From the line containing "X0000111610025200908071340" to the last line of the listing, both included, copy every line exactly and drop the pictures.

▸ **Source material**:

===============

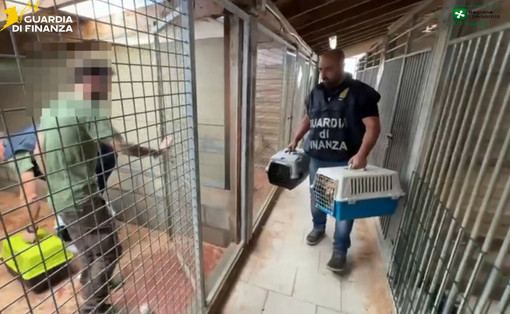 Allevamento abusivo di cani a Brusimpiano. Il Codacons: «Più controlli e stop alle vendite illecite sul web»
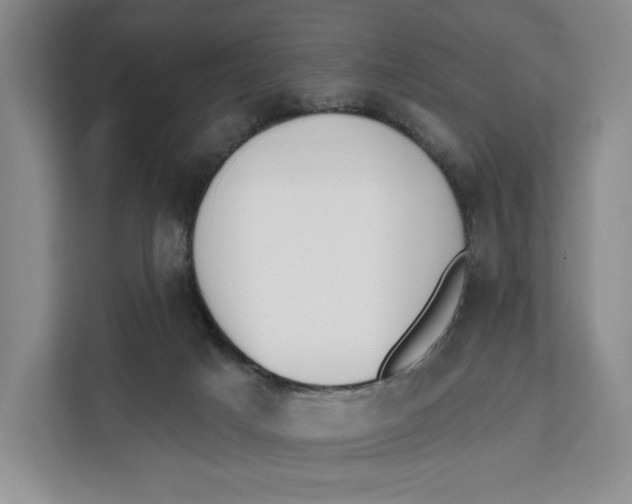 X0000111610025200908071340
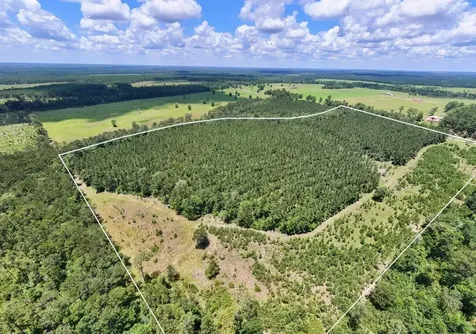 000 County Road 1450 Warren TX 77664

===============

▸ **Response**:
 X0000111610025200908071340
 000 County Road 1450 Warren TX 77664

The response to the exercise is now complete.